In the video below, you can see an example of this anti-flake protection:

{% embed url="<https://share.vidyard.com/watch/5YxXzJ5Szy7vP4F7awgTsc>" %}
Anti-flake protection with optimistic merging + pending failure depth
{% endembed %}

<table><thead><tr><th width="331">what's happening?</th><th>queue</th></tr></thead><tbody><tr><td><strong>A</strong>, <strong>B</strong>, <strong>C</strong> begin predictive testing</td><td><code>main</code> &#x3C;- <strong>A</strong> &#x3C;- <strong>B</strong>+a &#x3C;- <strong>C</strong>+ba</td></tr><tr><td><strong>B</strong> fails testing</td><td><code>main</code> &#x3C;- <strong>A</strong> &#x3C;- <mark style="color:red;"><strong>B</strong>+a</mark> &#x3C;- <strong>C</strong>+ba</td></tr><tr><td>predictive failure depth keeps <strong>B</strong> from being evicted while <strong>C</strong> tests</td><td><code>main</code> &#x3C;- <strong>A</strong> &#x3C;- <mark style="color:red;"><strong>B</strong>+a</mark> (hold) &#x3C;- <strong>C</strong>+ba</td></tr><tr><td><strong>C</strong> passes</td><td><code>main</code> &#x3C;- <strong>A</strong> &#x3C;- <mark style="color:red;"><strong>B</strong>+a</mark> &#x3C;- <mark style="color:green;"><strong>C</strong>+ba</mark></td></tr><tr><td>optimistic merging allows <strong>A</strong>, <strong>B</strong>, <strong>C</strong> to merge</td><td><code>merge</code> <strong>A B C</strong></td></tr></tbody></table>

{% hint style="info" %}
Optimistic Merging only works when the [Pending Failure Depth](#pending-failure-depth) is set to **a value greater than zero**. When zero or disabled, Merge will not hold any failed tests in the queue.
{% endhint %}

### Why use it

* **Eliminate false negatives** - Flaky tests frequently cause PR failures unrelated to actual code changes. Anti-flake protection helps get these under control, so developers don't waste time investigating non-issues.
* **Maintain developer confidence** - When the queue rejects PRs for real reasons (not flaky tests), developers trust the system. Reduces "it's probably just flaky" dismissiveness of real failures.
* **Reduce manual retries** - Developers don't need to manually resubmit PRs or click "retry" when tests flake. Trunk handles it automatically, saving time and frustration.
* **Keep queue moving** - Flaky tests don't stall the queue. PRs that would have been blocked by transient failures merge successfully, increasing overall throughput.

### How to enable

{% hint style="info" %}
Anti Flake Protection is active when [**Optimistic Merge Queue**](https://docs.trunk.io/merge-queue/optimizations/optimistic-merging) is **On** and [**Pending Failure Depth**](https://docs.trunk.io/merge-queue/optimizations/pending-failure-depth) is **set to a value greater than zero**
{% endhint %}

Enable Optimistic merging in **Settings** > **Repositories** > your repository > **Merge Queue** > toggle **On** **Optimistic Merge Queue**.
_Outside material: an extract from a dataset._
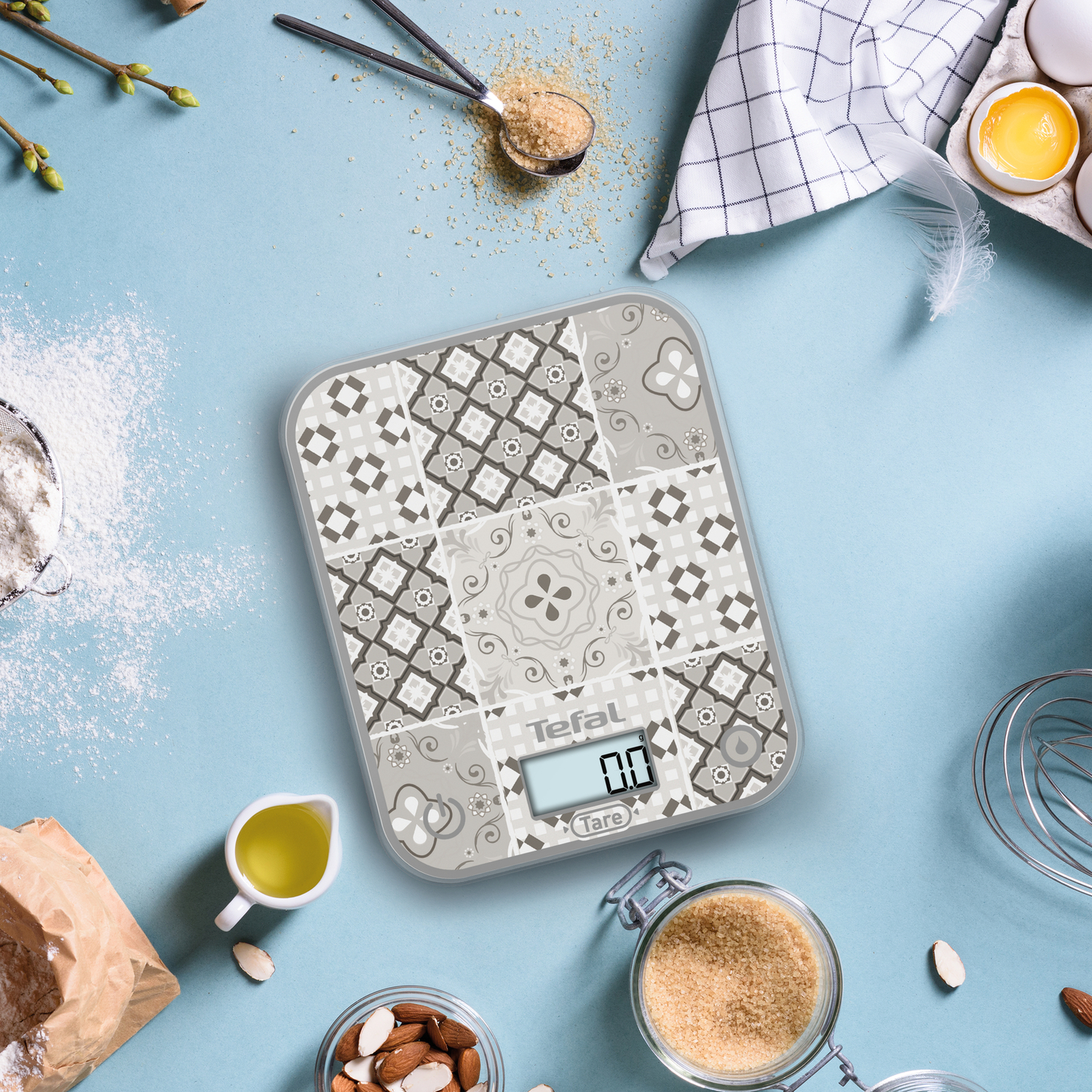 Balance de cuisine avec surface à motifs, entourée d'ingrédients comme de la farine, de l'huile et des amandes.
Configure Pending Failure Depth in **Settings** > **Repositories** > your repository > **Merge Queue** > select a value from the **Pending Failure Depth** dropdown.

### Tradeoffs and considerations

#### What you gain

* **80-90% reduction in flaky test blocks** - Most flaky failures are caught and handled automatically
* **Developer time saved** - No manual retries or investigation of flaky failures
* **Higher queue throughput** - Flaky tests don't stall the queue
* **Better developer experience** - Less frustration with non-deterministic failures

#### What you give up or risk

* **Increased CI cost** - Retrying tests costs additional CI resources (typically 10-20% increase)
* **Slightly longer merge times** - PRs that fail then retry take longer than PRs that pass first time
* **Potential false positives** - Occasionally a legitimate failure might be retried (though Trunk is conservative)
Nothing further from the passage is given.